IAN "LEMMY" Kilminster is hardly your average fiftysomething. The man who once admitted, "My favourite drug is speed. It's not good for most people but my metabolism seems to have adjusted" is still up there leading Motorhead, the band that has based its career on being louder and faster and harder than any other. He certainly inspires devotion from those who speak the International Language of Loud. One man is yelling "Lemmy!! I lovvv you!!! Rock and roooolllll!!" Despite the temptation to say, "He can't hear you, mate", he's right. It is rock'n'roll. Crude, blunt, reduced to its absolute base elements, but identifiable.

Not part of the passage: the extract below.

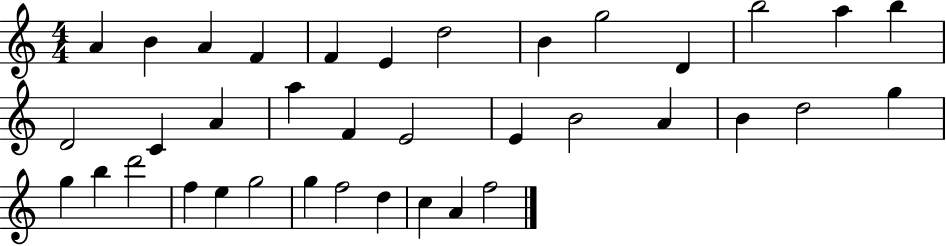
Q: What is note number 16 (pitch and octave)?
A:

Two decades after its formation Motorhead can still fill respectable London halls, possibly with the same audience as when it was at its commercial peak. Beloved by both punks and headbangers for their brutal power and speed, they remain reassuringly timeless, heavy as ever, breathtakingly loud, and surprisingly precise once you've adjusted to the pain. So very metal that dry ice billows across the stage while the road crew is at work, it's a solid, ballad-free zone for an hour and a half. From the unfeasibly fast "Bomber" to the immortal "Ace of Spades", nothing overstays its welcome, and there's not a hint of unnecessary musicianly noodling. Lemmy is a unique stylist, churning huge power chords from his bass, and still wearing tight hipsters with studs up the seams. The guitarist Phil Campbell, who does a fine impression of a California dude for a man born in Pontypridd, and the awesome drummer Mikkey Dee, match him manfully.

Lemmy's bark sometimes gets lost in the murky racket, but songs such as "Too Much Too Soon", "You Know Me" and "Killed By Death" are all catchy and concise three-minute pop songs at heart.

But no one comes to see Motorhead for the songwriting. They come to be blown away. Perhaps you could make a spurious argument that in an age where traditional industries no longer exist people want to experience a controlled environment as noisy as a blast furnace. Or, they might be like the fence-builders in Magnus Mills's novel The Restraint of Beasts, who listen to hard rock tapes in a pick-up truck.

At an age when he should be impressing his grandchildren with how he was once Jimi Hendrix's roadie, Lemmy is still living it large. Truly these are the parents our parents warned us about.